EX-10.4 5 d641400dex104.htm EX-10.4 EX-10.4

Exhibit 10.4

December 4, 2013

Robin Ranzal Knowles

200 Harvard Mill Square, Suite 210

Wakefield, MA 01880

 

  Re: Severance Agreement

Dear Robin:

In order to ensure your continued service to the Edgewater Technology, Inc. and its subsidiaries and affiliates (collectively the “Company”), and for other good and valuable consideration, the receipt and sufficiency of which is hereby acknowledged by the parties, the Company wishes to offer you the following severance package which supersedes and replaces your prior severance package letter dated September 20, 2010:

1. Severance. If at any time after the date hereof, you are terminated by the Company (or its successor) without Cause, as defined below, and such termination occurs within one (1) year after the effective date of a Change in Control, as defined below, you shall be entitled to receive (i) severance pay for a period of six (6) months at the rate of your annual base salary then in effect, payable in the same manner as your regular salary, together with six (6) months continued coverage under the Company’s medical and dental plans at the rate applicable to active employees, (ii) a lump sum payment in an amount equal to one-half ( 12 ) of the annual performance bonus paid by the Company to you during the preceding fiscal year and (iii) full vesting of all stock option grants received by you from the Company which shall be immediately exercisable by you for the period specified in each such grant. Such severance pay and other benefits provided for herein shall be in lieu of any other severance benefits to which you may be entitled under any other applicable policy or program. The Company shall reduce payments made to you pursuant to this Agreement by those deductions and withholdings required for tax purposes, and shall make such tax-related reporting that it reasonably determines to be required with respect to payments or other benefits provided pursuant to this Agreement. Notwithstanding the foregoing, if at the time of termination you are a “specified employee” as defined in the Treasury Regulations, Sec 1.409A-1(i), then the severance payments described above shall be delayed until six months after the date of your termination, in the manner required by Treasury Regulations, Section 1.409A-3(i)(2). In that event, any payments that would otherwise be due prior to the date which is six months after your termination shall instead be due to you on the date which is six months after your termination, or, if earlier, on the date of your death.

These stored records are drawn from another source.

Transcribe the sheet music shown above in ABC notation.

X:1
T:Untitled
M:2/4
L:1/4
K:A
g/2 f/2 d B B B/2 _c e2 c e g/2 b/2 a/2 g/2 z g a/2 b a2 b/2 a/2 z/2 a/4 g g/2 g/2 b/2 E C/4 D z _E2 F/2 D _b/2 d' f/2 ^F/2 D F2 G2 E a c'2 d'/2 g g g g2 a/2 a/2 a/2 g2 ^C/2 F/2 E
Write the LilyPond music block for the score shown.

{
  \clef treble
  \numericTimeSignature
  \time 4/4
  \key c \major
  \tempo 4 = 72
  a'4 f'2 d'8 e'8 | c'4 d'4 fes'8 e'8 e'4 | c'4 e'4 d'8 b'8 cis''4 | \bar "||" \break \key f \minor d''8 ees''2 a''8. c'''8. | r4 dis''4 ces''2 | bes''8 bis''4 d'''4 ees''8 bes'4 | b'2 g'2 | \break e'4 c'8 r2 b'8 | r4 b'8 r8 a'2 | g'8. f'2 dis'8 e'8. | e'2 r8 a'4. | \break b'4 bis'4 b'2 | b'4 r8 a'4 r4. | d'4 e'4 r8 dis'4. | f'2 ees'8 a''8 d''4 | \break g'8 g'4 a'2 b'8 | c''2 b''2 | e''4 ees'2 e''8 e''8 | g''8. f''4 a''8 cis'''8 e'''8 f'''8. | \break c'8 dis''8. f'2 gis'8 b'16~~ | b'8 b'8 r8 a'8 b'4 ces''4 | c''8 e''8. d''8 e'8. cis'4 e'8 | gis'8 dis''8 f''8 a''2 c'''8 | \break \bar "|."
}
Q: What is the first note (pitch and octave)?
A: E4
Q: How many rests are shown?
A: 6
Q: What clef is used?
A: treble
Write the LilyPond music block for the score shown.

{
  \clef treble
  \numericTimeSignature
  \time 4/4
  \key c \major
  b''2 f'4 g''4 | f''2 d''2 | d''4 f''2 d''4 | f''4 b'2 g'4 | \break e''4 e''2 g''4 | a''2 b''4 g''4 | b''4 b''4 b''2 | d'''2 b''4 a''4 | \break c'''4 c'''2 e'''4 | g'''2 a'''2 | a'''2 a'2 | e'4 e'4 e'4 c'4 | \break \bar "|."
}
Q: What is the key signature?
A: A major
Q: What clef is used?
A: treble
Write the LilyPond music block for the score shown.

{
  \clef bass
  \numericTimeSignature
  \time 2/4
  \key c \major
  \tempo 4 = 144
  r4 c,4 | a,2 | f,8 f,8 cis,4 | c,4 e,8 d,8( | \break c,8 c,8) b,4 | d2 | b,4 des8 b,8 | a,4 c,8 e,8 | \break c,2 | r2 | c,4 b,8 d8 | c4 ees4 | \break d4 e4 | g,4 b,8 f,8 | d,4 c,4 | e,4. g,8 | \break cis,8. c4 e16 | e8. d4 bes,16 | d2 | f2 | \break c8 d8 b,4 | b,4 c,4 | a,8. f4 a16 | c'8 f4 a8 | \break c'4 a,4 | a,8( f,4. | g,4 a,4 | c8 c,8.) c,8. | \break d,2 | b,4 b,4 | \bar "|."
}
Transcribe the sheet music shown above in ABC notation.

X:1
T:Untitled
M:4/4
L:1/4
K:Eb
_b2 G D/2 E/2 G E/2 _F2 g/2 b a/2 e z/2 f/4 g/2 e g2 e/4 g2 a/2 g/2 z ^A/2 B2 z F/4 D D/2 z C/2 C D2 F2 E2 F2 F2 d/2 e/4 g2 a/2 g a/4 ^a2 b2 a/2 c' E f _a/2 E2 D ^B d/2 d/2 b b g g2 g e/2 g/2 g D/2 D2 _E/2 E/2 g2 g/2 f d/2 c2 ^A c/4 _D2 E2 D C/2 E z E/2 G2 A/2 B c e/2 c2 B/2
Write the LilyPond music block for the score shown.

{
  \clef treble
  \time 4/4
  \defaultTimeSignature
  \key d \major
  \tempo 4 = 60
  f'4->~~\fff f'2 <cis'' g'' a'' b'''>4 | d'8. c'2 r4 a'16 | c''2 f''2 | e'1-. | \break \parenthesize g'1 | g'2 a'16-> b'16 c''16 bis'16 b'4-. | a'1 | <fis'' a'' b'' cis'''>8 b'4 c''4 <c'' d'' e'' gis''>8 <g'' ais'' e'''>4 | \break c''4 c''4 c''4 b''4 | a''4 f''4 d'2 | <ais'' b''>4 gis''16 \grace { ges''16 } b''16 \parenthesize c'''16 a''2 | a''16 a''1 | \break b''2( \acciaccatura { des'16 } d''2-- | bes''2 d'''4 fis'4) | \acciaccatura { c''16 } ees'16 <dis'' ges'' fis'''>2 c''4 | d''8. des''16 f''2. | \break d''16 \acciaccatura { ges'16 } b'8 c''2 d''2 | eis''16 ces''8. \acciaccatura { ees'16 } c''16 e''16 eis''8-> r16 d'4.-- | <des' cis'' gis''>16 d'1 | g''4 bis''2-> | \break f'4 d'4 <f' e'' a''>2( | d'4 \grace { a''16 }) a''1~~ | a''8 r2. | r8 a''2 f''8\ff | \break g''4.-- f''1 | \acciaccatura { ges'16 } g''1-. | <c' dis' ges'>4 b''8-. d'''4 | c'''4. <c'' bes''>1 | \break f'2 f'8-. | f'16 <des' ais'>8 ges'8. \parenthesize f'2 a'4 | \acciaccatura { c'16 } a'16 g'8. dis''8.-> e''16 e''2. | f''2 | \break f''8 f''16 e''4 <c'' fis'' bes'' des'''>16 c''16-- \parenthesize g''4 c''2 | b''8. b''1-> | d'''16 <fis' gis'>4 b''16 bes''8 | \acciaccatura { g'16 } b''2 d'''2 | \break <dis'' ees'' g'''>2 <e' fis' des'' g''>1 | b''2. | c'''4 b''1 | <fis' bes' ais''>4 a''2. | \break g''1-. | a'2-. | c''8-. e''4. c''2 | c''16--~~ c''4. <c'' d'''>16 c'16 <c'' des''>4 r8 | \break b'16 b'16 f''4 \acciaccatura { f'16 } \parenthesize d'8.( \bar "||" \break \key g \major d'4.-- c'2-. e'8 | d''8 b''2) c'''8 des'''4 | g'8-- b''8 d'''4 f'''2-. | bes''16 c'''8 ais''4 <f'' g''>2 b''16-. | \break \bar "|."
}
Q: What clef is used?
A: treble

2. Change in Control. A “Change in Control” shall be deemed to have occurred if: (i) any person, other than the Company or an employee benefit plan of the Company, acquires, directly or indirectly, the beneficial ownership of any voting security of the Company and immediately after such acquisition such person is, directly or indirectly, the beneficial owner of voting securities representing 50% or more of the total voting power of the then-outstanding voting securities of the Company; (ii) the individuals (A) who, as of the date of this Agreement, constitute the Board (the “Original Directors”) or (B) who


thereafter are elected to the Board and whose election, or nomination for election, to the Board was approved by a vote of at least two-thirds (2/3) of the Original Directors then still in office (such directors becoming “Additional Original Directors” immediately following their election) or (C) who are elected to the Board and whose election, or nomination for election to the Board was approved by a vote of at least two-thirds (2/3) of the Original Directors and Additional Original Directors then still in office (such directors also becoming “Additional Original Directors” immediately following their election), cease for any reason to constitute a majority of the members of the Board; (iii) the stockholders of the Company shall approve a merger, consolidation, recapitalization, or reorganization of the Company, a reverse stock split of outstanding voting securities, or consummation of any such transaction if stockholder approval is not sought or obtained, other than any such transaction which would result in at least 75% of the total voting power represented by the voting securities of the surviving entity outstanding immediately after such transaction being beneficially owned by at least 75% of the holders of outstanding voting securities of the Company immediately prior to the transaction, with the voting power of each such continuing holder relative to other such continuing holders not substantially altered in the transaction; or (iv) the stockholders of the Company shall approve a plan of complete liquidation of the Company or an agreement for the sale or disposition by the Company of all or a substantial portion of the Company’s assets (i.e., 50% or more of the total assets of the Company).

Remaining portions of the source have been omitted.